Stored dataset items

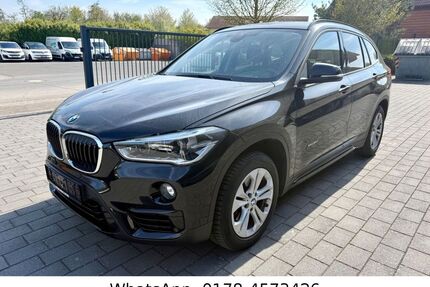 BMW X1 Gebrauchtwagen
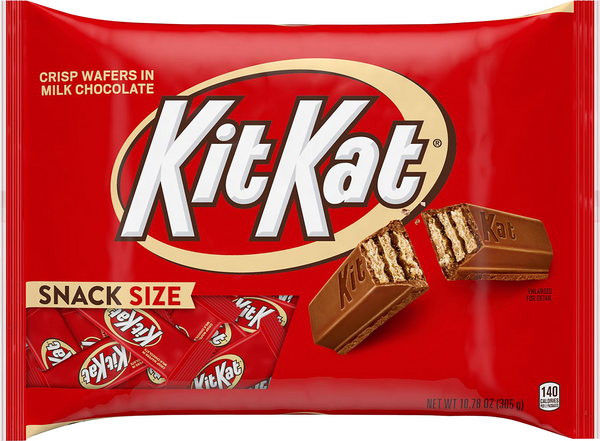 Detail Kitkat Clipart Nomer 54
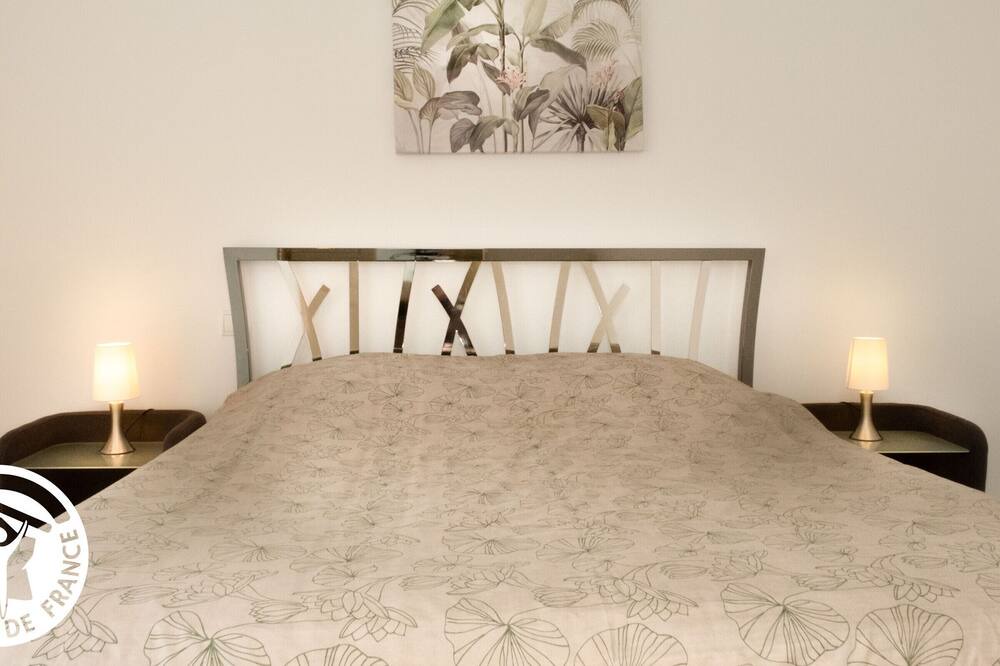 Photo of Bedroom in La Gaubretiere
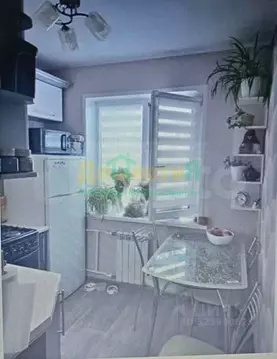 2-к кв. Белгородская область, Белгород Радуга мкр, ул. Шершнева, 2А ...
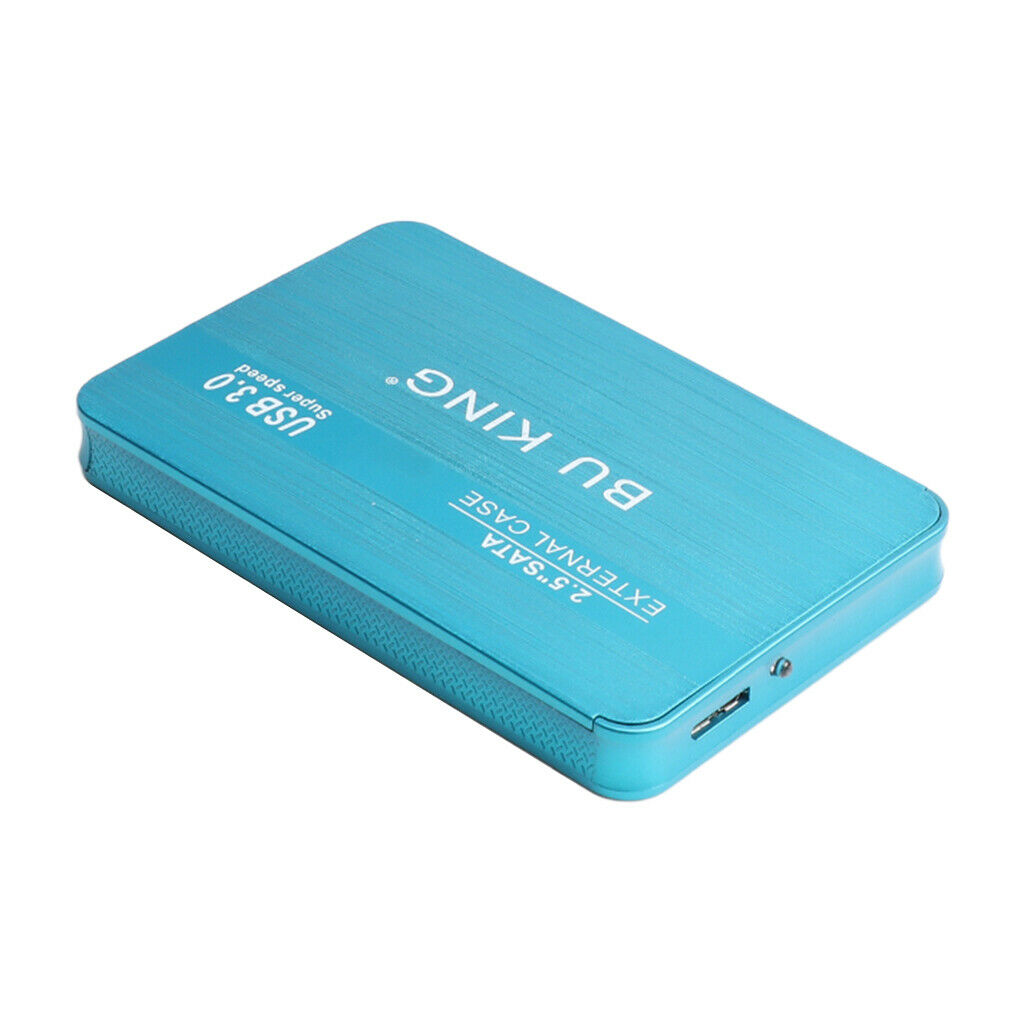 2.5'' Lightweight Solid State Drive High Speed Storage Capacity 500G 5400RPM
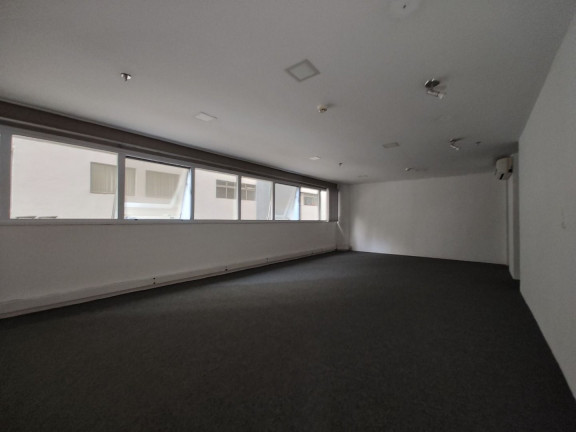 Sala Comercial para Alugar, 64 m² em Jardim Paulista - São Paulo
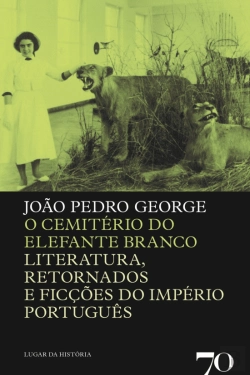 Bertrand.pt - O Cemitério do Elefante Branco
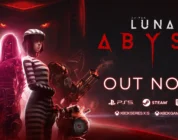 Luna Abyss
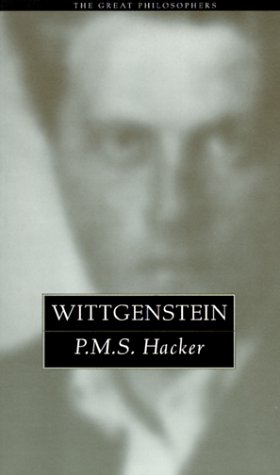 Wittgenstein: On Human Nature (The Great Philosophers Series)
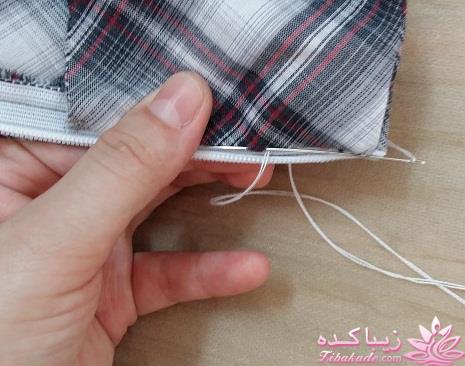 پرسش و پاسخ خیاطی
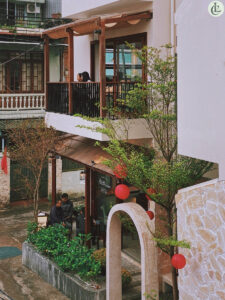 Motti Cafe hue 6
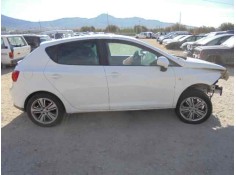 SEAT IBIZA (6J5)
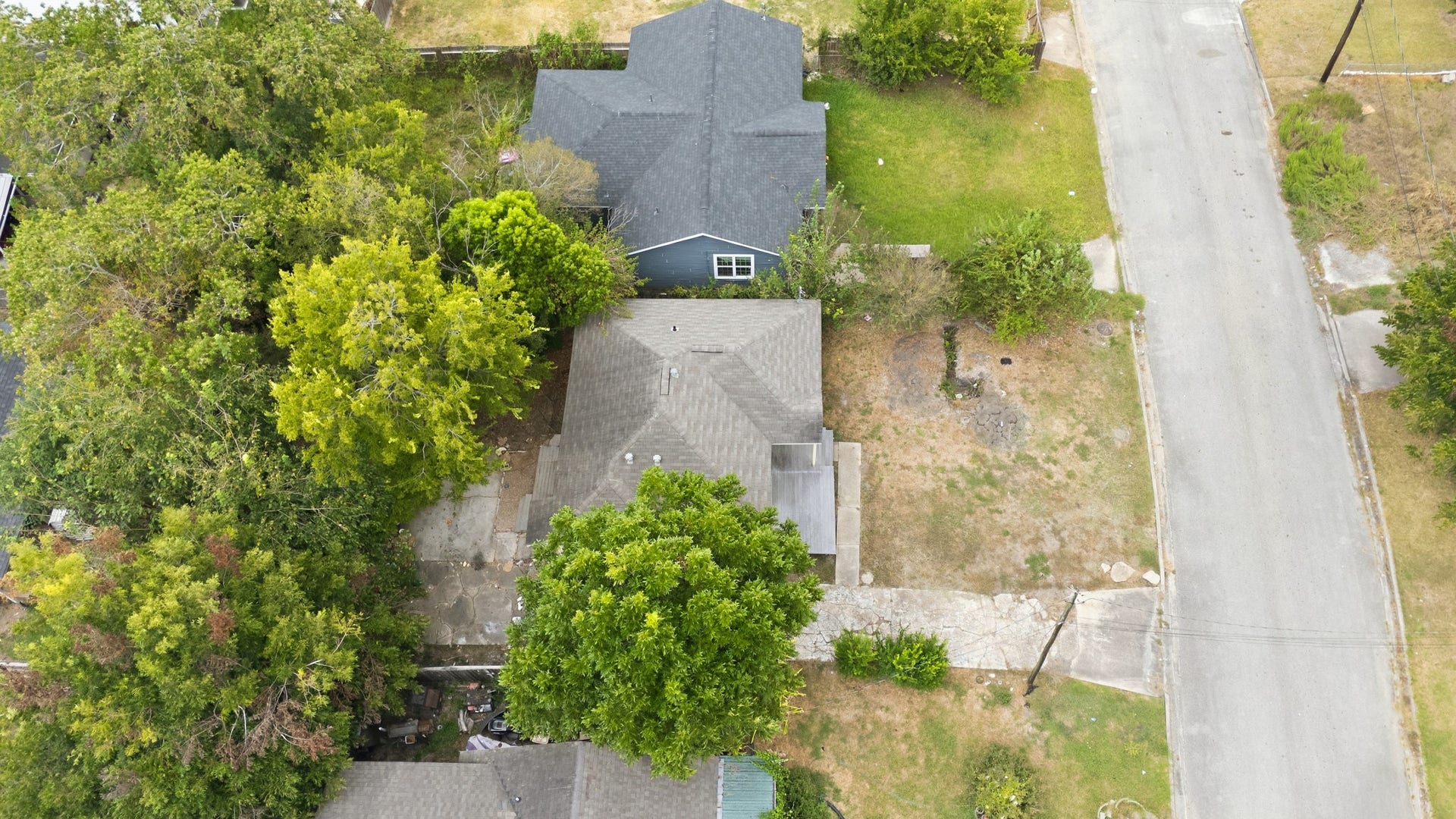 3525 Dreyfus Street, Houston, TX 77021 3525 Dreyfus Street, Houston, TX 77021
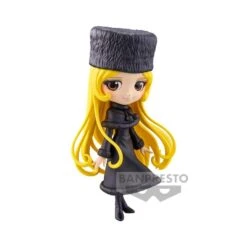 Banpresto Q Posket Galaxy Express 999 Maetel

- **WHAT IS NEEDED**
A faithful, complete copy of the entries is required, without the pictures.

- **PROBLEM SOLUTION**
 BMW X1 Gebrauchtwagen
 Detail Kitkat Clipart Nomer 54
 Photo of Bedroom in La Gaubretiere
 2-к кв. Белгородская область, Белгород Радуга мкр, ул. Шершнева, 2А ...
 2.5'' Lightweight Solid State Drive High Speed Storage Capacity 500G 5400RPM
 Sala Comercial para Alugar, 64 m² em Jardim Paulista - São Paulo
 Bertrand.pt - O Cemitério do Elefante Branco
 Luna Abyss
 Wittgenstein: On Human Nature (The Great Philosophers Series)
 پرسش و پاسخ خیاطی
 Motti Cafe hue 6
 SEAT IBIZA (6J5)
 3525 Dreyfus Street, Houston, TX 77021 3525 Dreyfus Street, Houston, TX 77021
 Banpresto Q Posket Galaxy Express 999 Maetel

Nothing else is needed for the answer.